Innovation in design
and architecture
5.26 The major thrust in commercial processor
development is, as noted above, towards ever-faster single microprocessors
for general-purpose applications. However, there is active research
going on into alternative ways to exploit the huge transistor
resource that CMOS technology is projected to yield over the next
decade.
5.27 As noted by Professor May (p 89), on-chip
multiprocessing exploits the transistor resource to implement
several relatively simple microprocessors on a single chip[46].
Although, as noted in paragraph 5.8, there are major obstacles
to be overcome in programming such a system for existing general-purpose
applications, recent developments in computer programming languages
make this more practical for newly-developed applications.

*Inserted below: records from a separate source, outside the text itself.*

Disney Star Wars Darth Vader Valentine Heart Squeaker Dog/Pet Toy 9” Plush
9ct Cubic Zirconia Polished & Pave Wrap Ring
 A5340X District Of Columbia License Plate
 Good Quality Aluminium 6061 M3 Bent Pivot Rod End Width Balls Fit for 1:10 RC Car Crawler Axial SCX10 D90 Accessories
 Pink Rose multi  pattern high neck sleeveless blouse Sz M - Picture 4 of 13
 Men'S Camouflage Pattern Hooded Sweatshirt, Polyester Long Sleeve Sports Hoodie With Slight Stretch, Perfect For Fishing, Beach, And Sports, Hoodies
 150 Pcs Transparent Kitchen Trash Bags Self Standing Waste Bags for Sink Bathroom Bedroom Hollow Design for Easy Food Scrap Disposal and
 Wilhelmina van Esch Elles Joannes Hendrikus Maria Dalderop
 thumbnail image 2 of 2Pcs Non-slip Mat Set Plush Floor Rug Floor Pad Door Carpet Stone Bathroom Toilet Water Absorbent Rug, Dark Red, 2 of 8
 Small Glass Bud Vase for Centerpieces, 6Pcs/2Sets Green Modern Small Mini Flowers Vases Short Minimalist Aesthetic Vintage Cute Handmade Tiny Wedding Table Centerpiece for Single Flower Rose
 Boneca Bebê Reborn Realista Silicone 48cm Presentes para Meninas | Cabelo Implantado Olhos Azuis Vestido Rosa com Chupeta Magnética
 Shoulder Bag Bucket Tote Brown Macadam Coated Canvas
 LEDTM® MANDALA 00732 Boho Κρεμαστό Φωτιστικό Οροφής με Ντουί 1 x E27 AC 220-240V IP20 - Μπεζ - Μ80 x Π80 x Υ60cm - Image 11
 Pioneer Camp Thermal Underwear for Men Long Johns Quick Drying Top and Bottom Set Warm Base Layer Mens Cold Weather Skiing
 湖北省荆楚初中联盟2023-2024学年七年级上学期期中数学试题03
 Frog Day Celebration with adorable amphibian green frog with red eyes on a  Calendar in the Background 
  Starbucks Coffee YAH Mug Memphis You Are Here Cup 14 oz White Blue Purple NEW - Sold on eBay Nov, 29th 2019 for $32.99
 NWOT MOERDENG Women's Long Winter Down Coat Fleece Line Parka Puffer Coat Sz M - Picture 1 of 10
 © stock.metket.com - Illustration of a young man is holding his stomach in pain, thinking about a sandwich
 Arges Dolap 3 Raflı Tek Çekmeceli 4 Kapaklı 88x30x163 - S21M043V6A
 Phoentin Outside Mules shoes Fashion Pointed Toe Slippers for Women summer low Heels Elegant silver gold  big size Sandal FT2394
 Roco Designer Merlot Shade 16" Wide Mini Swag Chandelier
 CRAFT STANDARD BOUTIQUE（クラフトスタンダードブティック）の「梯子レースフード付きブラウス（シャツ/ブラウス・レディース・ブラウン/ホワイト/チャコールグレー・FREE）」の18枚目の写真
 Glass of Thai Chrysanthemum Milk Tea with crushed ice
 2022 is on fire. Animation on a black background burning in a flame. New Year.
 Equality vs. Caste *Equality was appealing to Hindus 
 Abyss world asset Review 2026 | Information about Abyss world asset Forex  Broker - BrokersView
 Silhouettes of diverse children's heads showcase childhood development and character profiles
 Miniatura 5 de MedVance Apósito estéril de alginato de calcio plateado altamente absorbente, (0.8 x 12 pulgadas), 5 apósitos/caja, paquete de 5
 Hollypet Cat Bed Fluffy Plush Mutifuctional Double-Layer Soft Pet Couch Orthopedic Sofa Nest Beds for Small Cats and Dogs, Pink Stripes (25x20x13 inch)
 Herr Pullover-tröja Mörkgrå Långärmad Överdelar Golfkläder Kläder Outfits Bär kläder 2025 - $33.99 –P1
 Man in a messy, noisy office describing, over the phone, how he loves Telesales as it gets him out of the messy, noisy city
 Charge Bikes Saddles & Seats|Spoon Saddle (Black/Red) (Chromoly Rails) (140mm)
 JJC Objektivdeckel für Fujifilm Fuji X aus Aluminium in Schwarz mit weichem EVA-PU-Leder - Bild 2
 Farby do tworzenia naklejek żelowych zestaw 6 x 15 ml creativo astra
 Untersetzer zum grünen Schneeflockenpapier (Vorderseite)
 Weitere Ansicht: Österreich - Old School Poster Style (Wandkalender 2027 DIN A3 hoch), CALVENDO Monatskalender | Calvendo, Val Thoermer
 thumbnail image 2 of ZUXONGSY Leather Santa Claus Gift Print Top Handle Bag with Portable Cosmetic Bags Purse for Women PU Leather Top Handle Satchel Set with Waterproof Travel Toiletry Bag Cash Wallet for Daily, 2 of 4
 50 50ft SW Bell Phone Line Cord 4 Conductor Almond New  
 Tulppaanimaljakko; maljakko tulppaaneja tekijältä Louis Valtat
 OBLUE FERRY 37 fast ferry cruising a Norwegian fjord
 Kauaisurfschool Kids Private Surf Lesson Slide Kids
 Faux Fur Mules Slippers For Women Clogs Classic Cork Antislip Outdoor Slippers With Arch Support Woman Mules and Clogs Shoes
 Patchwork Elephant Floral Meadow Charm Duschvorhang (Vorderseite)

5.28 Apart from embedded SoC designs, microprocessors
and their main memory systems are at present implemented on separate
chips. Communication between chips is much slower than communication
on the same chip, so processor-memory communication can be a significant
performance bottleneck. There is research taking place into the
benefits of implementing a high-performance microprocessor and
its main memory system on the same chip.
5.29 For very large and complex chips, chip-wide
communication and synchronisation is of growing concern, and research
is being carried out into new approaches. These include:
(a) chip area networks which replicate the concepts
of the office computer network at the level of a chip; and
(b) asynchronous design which removes the need
for every action to be synchronised across a chip.
5.30 The increasing cost benefits of high-volume
manufacture are, as noted by the British Computer Society (BCS),
in apparent conflict with the market demand for a wide range of
highly differentiated products (p 42). This leads to a requirement
for standardised chip configurations that are applicable across
a wide range of application areas, with the product differentiation
being realised by changes in software and the use of reconfigurable
hardware components. As indicated by Professor May (Q 241),
there is a major challenge for the system architect in extending
the concept of universality from the programmable processor to
a general-purpose SoC.
5.31 Taking reconfigurable hardware a step further,
another active research area is concerned with reconfigurable
computing. This further blurs the distinction between the hardware
and software in a machine by exploiting the dynamic reconfigurability
of parts of the hardware through the use of electrically programmable
logic structures. The software contains instructions not only
(and as usual) about the processing required but also about the
way the hardware should perform the processing. In principle,
this should allow the hardware to be tuned for each application
as it runs although a great deal of research is likely
to be required before the optimum way to perform such tuning is
understood.
Cognitive Systems
5.32 Alan Turing conceived in the 1940s that
the universal computer might be capable of emulating human mental
processes, but so far no machine has proved capable of passing
the Turing test[47].
However, if an ability to play chess is any indicator of intelligence,
it should be noted that the best human chess player has now been
beaten by a computer.
5.33 Researchers in the field of artificial intelligence
generally concern themselves with more modest goals than emulating
complete human mental processes. Significant progress is being
made in several areas such as the understanding of natural languages,
machine translation, expert systems (which take knowledge from
human experts and use rule-based mechanisms to incorporate that
knowledge into a computer program), machine learning, and so on.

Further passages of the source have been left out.